Casinos in the Philippines could be required to report all transactions above $3,200 if a new Senate bill becomes law.
On Monday, new legislation was introduced in the Philippine House of Representatives that would remove the exemption casinos received under the nation’s Anti-Money Laundering Act (AMLA) of 2001. On Thursday, the Senate got its own bill to increase scrutiny of casino transactions.
In introducing Senate Bill 45, Sen. Panfilo Lacson specifically referenced the recent Bangladeshi bank heist that saw $81m in stolen funds flow through local casinos and junket operators. Lacson said the scandal had exposed the AMLA’s “vulnerabilities” and steps were required to guard against “the raging threats of money laundering.”
SB 45 would require casinos to report individual or aggregate transactions totaling P150k ($3,200) over a single gaming day. By way of comparison, US federal reporting requirements set the single transaction threshold at $10k.
Casinos would be prohibited from receiving cash “for transmittal through wire or telegraphic transfer for or on behalf of a customer.” Casinos would similarly be barred from making cash payments to a customer from funds received via electronic means. Casinos also couldn’t cash checks for customers.

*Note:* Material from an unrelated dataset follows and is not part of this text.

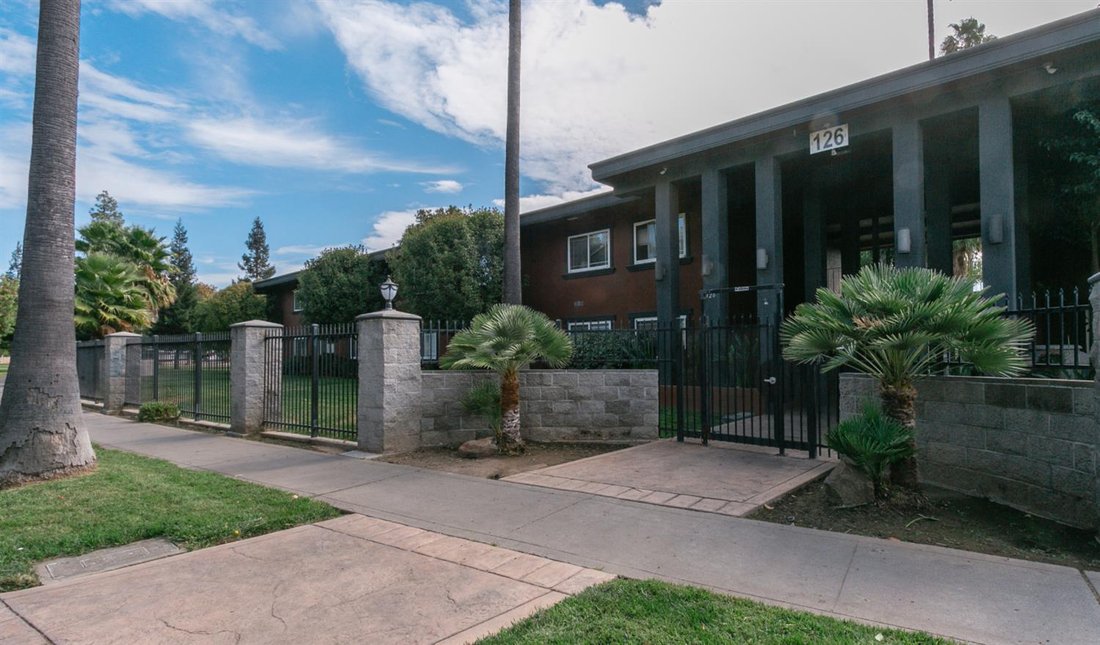 Stockton, California, United States 5 - 18151692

Casinos wouldn’t be allowed to receive any funds that “the purpose of ownership of which cannot be ascertained within a period of seven days, unless the [Anti-Money Laundering Council] prescribes a different period, from the date of the receipt.”
Finally, casinos would be given the authority to withhold transactions for up to two banking days “to allow them to verify if a transaction is suspicious, and terminate if they find reasonable belief” that the transaction would violate the AMLA.

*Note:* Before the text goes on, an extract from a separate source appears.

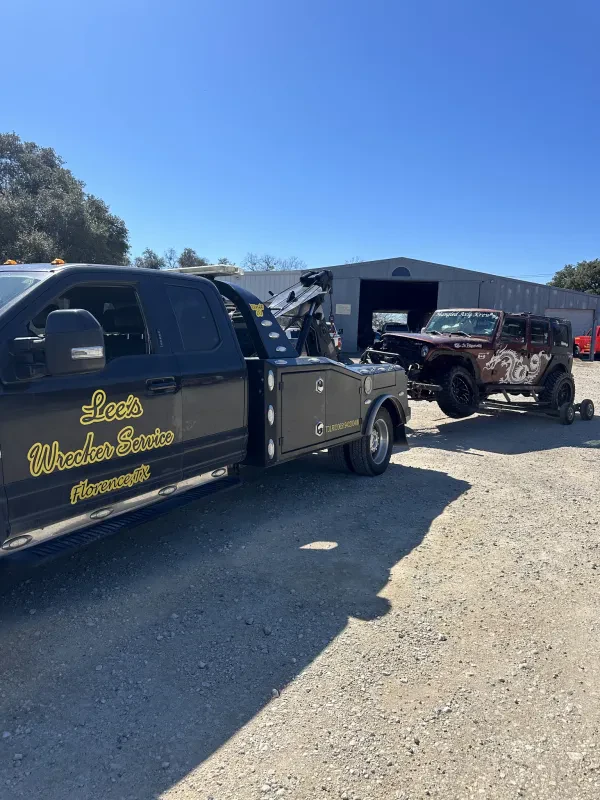 Lee's Wrecker Service - photo 3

Violations of these new rules would result in fines of P1m ($21,200) or 20% of the transacted funds, whichever is higher. Filing false information on a money laundering transaction would earn you a prison term of six months to four years.
Lacson’s bill also imposes new restrictions on banks, requiring them to report all transactions over P500k ($10,640). The bill would establish the country’s central bank as the supervising authority of foreign exchange dealers, money dealers, remittance and money transfer businesses.

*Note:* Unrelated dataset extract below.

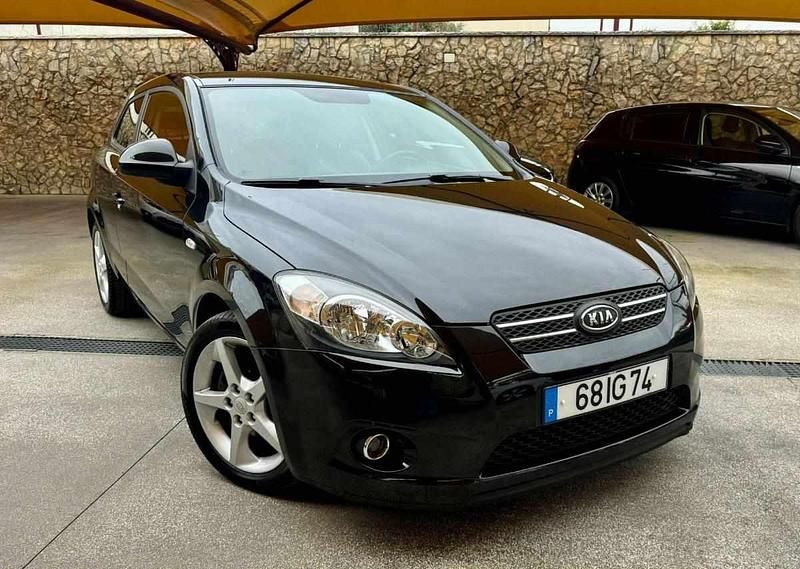 Usado Kia Ceed 115 HP (84 kW) 2009 Preto Citadino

The stolen Bangladeshi funds were originally sent to the Rizal Commercial Banking Corporation, then were transferred through local remittance firm Philrem Services Inc to various elements of the local casino industry.
Lacson’s bill would bring other non-gaming activities under the AMLA, including cybercrime, weapons violations and tax evasion. SB 45 also acknowledges the country’s volatile political climate by including a clause that prevents the filing of money laundering charges against any political candidate during an election period.